The events were a great success, and families were asking the library for a permanent collection of the games. That sparked a wonderful collaboration between O’Neill and KPL resulting in the library’s new Board Game Collection.

Now, with more than enough time to fill with learning and play at home, kids and parents can access more than 100 board games through KPL’s multiple branches. In fact, within a week of the formal launch of the collection, many of the games have 10 or more reserves on them – parents and children are virtually lining up to play. “It’s been great to see this fantastic reception and see some of the parents posting on social media with pictures of children playing the games,” O’Neill says.

Donating both her expertise and funds to curate and purchase games for the collection, O’Neill’s motivation to contribute is also personal: she has dedicated the collection to the memory of her mother Maria O’Neill, who was an ESL teacher in Toronto and a lifelong reader and supporter of libraries, and a keen player of board and card games.

Grad student with husband and child playing game

Siobhan Sutherland, PhD candidate in clinical psychology, with her partner and child at KPL in 2019.

Daniela O'Neill and her late mother Maria O'Neill

Professor Daniela O'Neill with her mother Maria O'Neill.


Play with important developmental benefits

As a developmental psychologist, O’Neill knows the importance of play for fostering language and other vital developmental steps. She has published studies that demonstrate the value of giving children simple toys and wordless picture books, for instance, both of which promote language development through playful conversation. “Conversation and oral language are so important in the early years as a foundation for many other types of learning, such as literacy.”

The KPL collection includes both co-operative and competitive games with a range of engaging themes (titles include, Cupcake Spinner, Hoot Owl Hoot!, and Dinosaur Escape). While intended mainly for children from age two to eight years old, O’Neill says many of the games are also fun and engaging for older children, especially if they are newcomers to Canada who may still be developing their English language skills. When she was selecting games to include, O’Neill also wanted to also ensure that the game themes complemented the library’s book collection, so that children’s game play could be enhanced with picture books and stories.

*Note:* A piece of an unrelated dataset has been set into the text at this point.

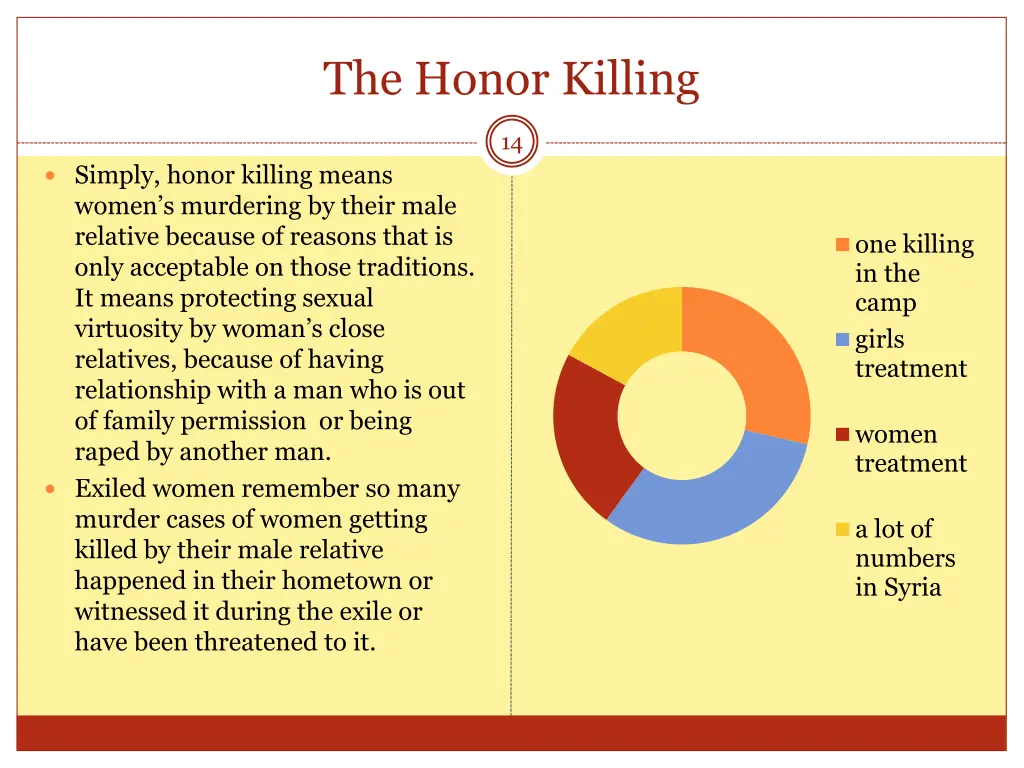 the honor killing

“Board games promote skills in many domains, and this goes beyond learning numbers and includes language, problem-solving, and social and emotional development."

O'Neill emphasizes that there are many high quality, fun and engaging games available to today. “And you don’t need lots of time to play — all of the games in the collection can be played in less than 20 minutes, have simple rules so that siblings can play together, and some have beautiful pieces that children could use to engage in pretend-play on their own, such as food items that could become part of a grocery store game.”

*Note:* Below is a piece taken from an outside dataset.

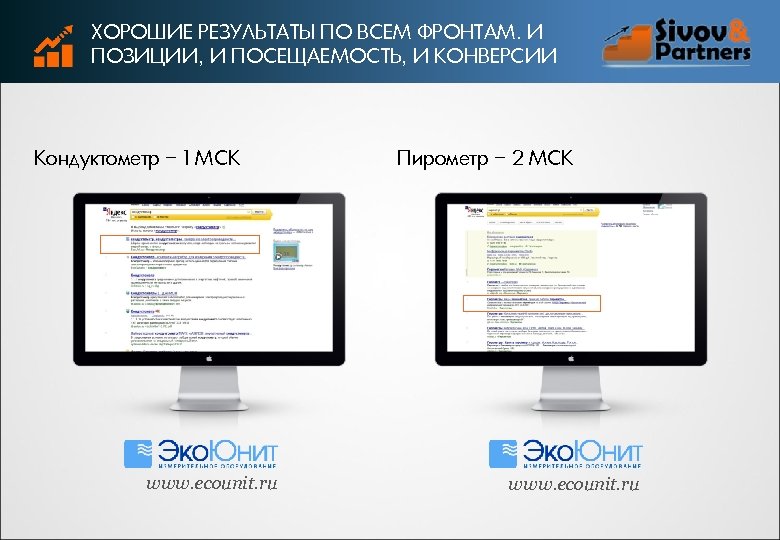 ХОРОШИЕ РЕЗУЛЬТАТЫ ПО ВСЕМ ФРОНТАМ. И ПОЗИЦИИ, И ПОСЕЩАЕМОСТЬ, И КОНВЕРСИИ Кондуктометр − 1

Rich learning opportunities to be studied

O’Neill is the founder and director of UWaterloo’s Children’s Communication Lab based in the Department of Psychology, which has a focus on community outreach and applied applications of its research, such as O’Neill’s widely used Language Use Inventory, a standardized assessment of early language development. While she was developing the KPL Board Game Collection, and when Covid-19 forced the closure of KPL, O’Neill and graduate student Paige Holmes pivoted to undertake a large review of existing research on board games and children’s learning, producing an article that is now under review with a journal. They found evidence showing how board games foster a range of formal and informal (in school or at home) types of learning in young children supporting cognition, communication, social and socio-emotional understanding, yet O’Neill adds that “the rich learning opportunities via board games remains surprisingly understudied in children.”

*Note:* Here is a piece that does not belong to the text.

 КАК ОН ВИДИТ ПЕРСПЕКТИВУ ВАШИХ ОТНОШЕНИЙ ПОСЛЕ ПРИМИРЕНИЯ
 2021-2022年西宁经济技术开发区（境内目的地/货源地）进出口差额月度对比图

Echoing the findings, KPL’s CEO Mary Chevreau said of the new collection, “Beyond being fun, these games also reinforce literacy concepts like letter recognition, reading comprehension and storytelling mechanics. We are so grateful for Daniela’s partnership and generous donation which made this collection possible."

O’Neill looks forward further collaboration with KPL “to expand the collection over time and, when we are all able to gather at the library again, to help host, together with my students, more events for families and children around board games.”